── THE DATA ──

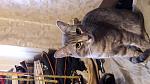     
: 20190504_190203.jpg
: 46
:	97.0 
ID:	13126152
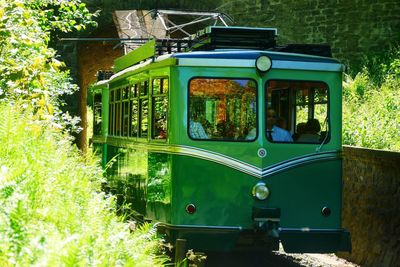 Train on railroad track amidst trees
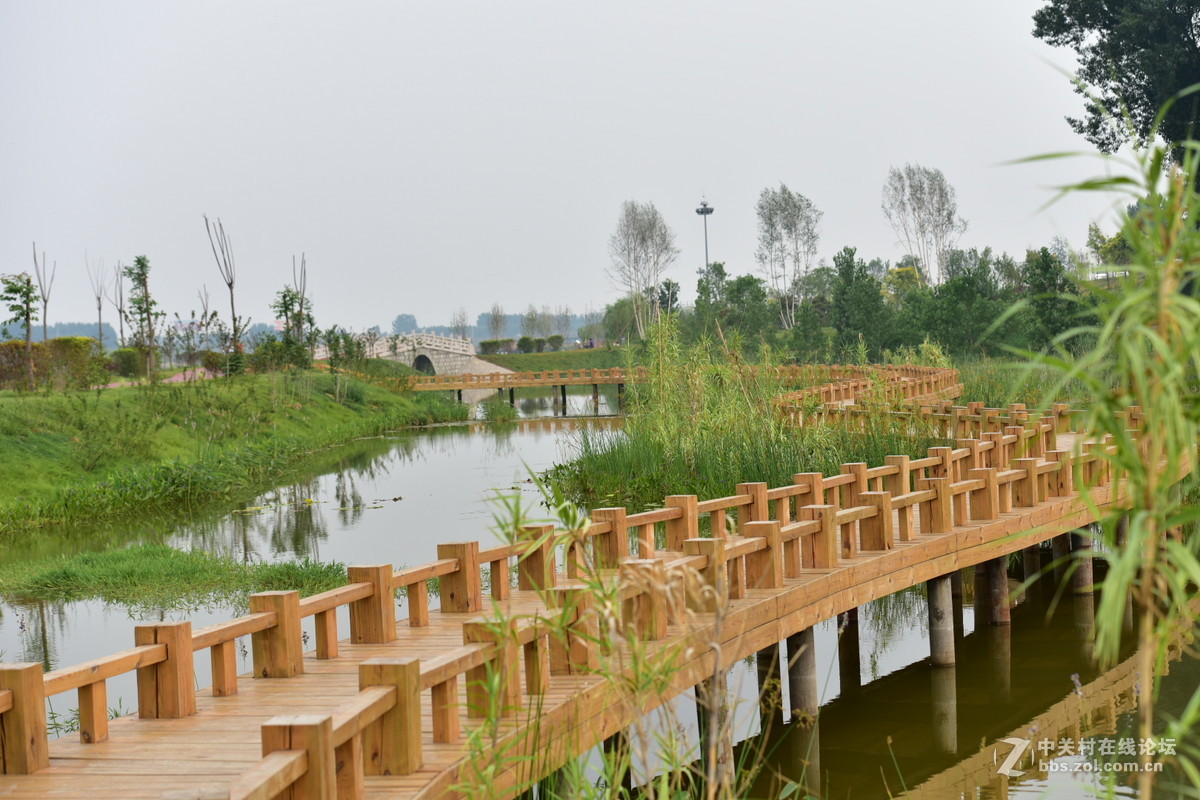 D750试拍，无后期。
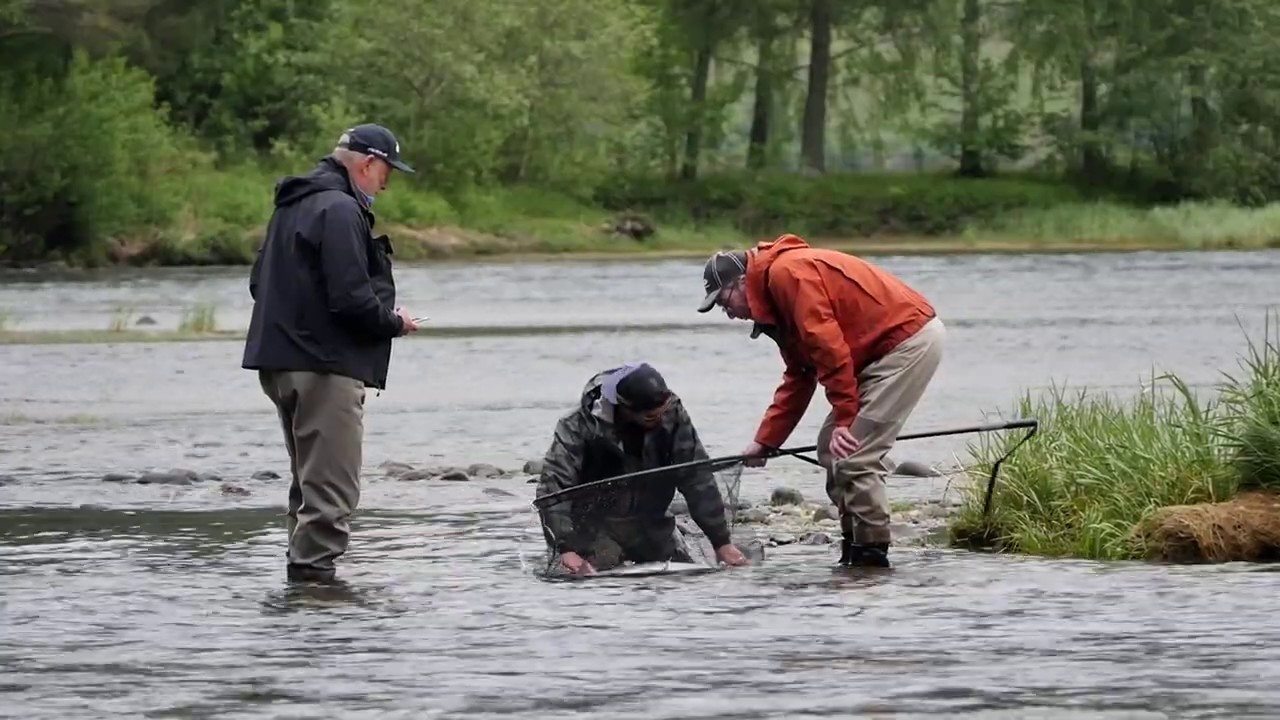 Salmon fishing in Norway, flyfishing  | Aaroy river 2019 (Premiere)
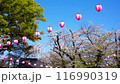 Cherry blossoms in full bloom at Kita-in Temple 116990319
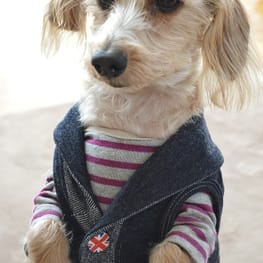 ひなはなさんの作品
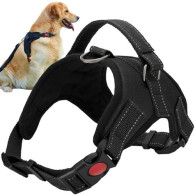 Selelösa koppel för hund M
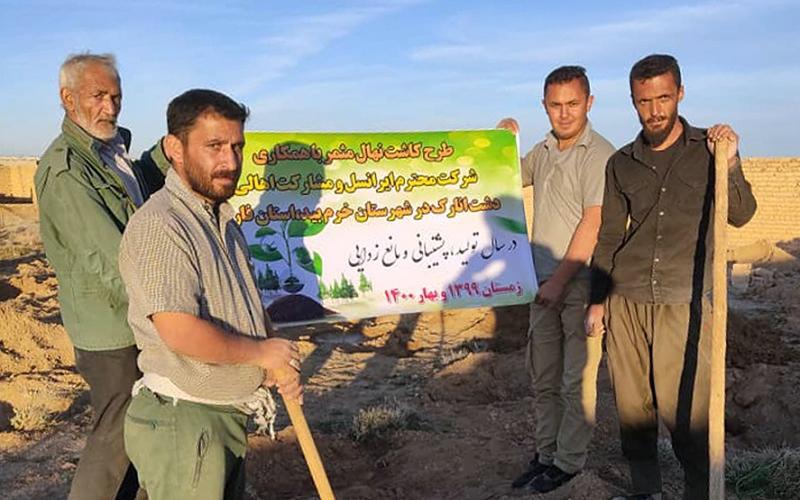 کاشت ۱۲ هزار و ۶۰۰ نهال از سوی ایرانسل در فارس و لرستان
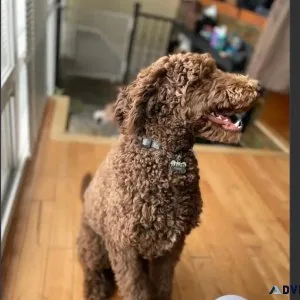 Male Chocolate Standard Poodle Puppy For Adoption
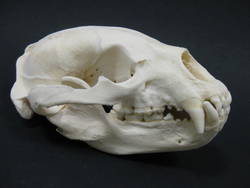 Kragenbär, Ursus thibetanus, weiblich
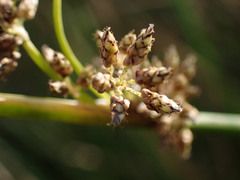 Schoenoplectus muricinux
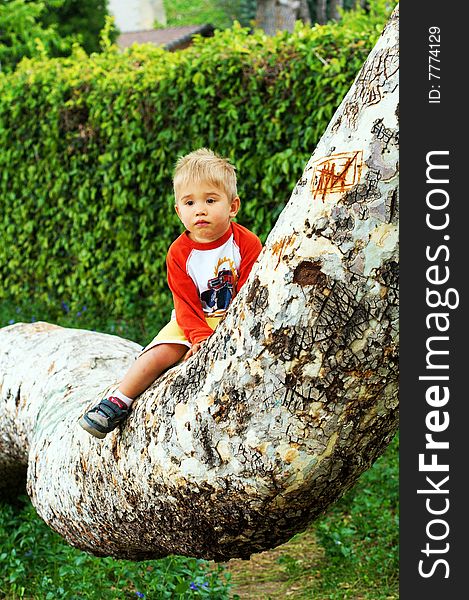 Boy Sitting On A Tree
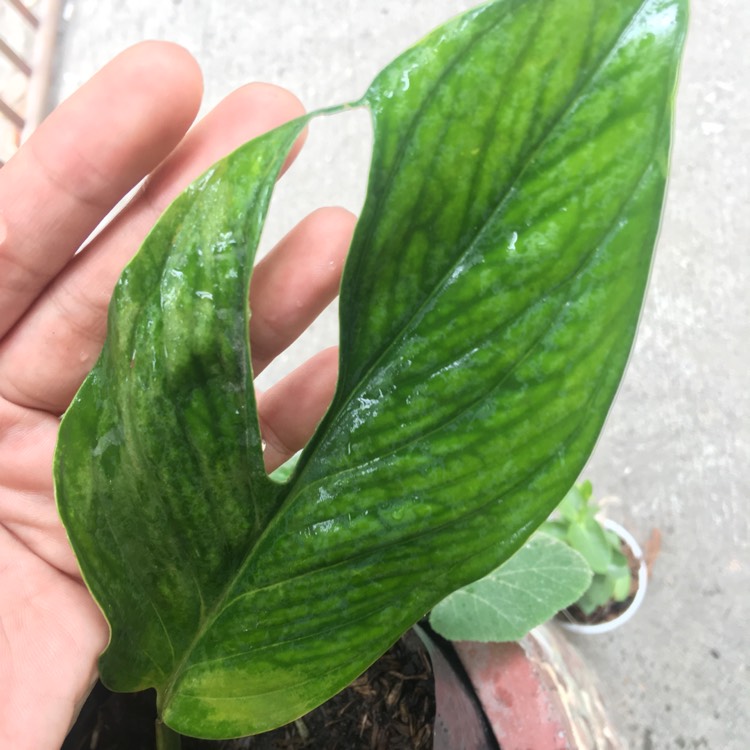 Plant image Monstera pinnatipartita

───
── THE DATA ──

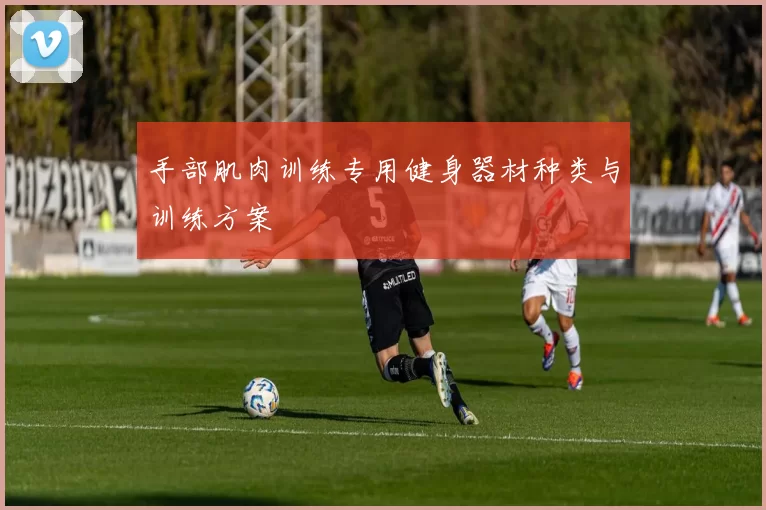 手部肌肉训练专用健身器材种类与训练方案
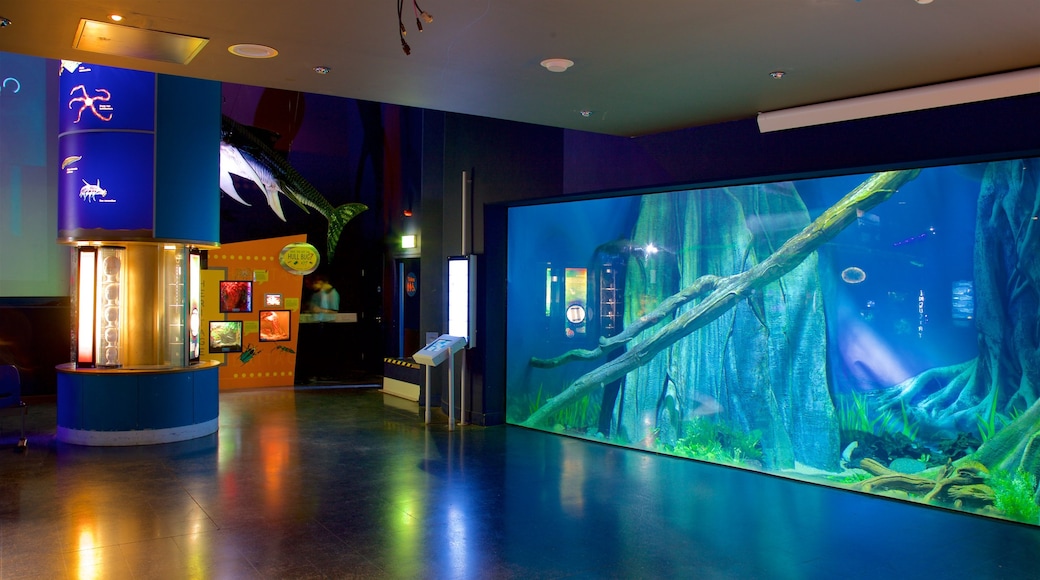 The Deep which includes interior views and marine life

───

→ **TASK DETAILS**
In the listing above, find the line with "Schoenoplectus muricinux" and the line with "Plant image Monstera pinnatipartita". Set down both and every line between them, minus the pictures.

→ **EXERCISE SOLUTION**
 Schoenoplectus muricinux
 Boy Sitting On A Tree
 Plant image Monstera pinnatipartita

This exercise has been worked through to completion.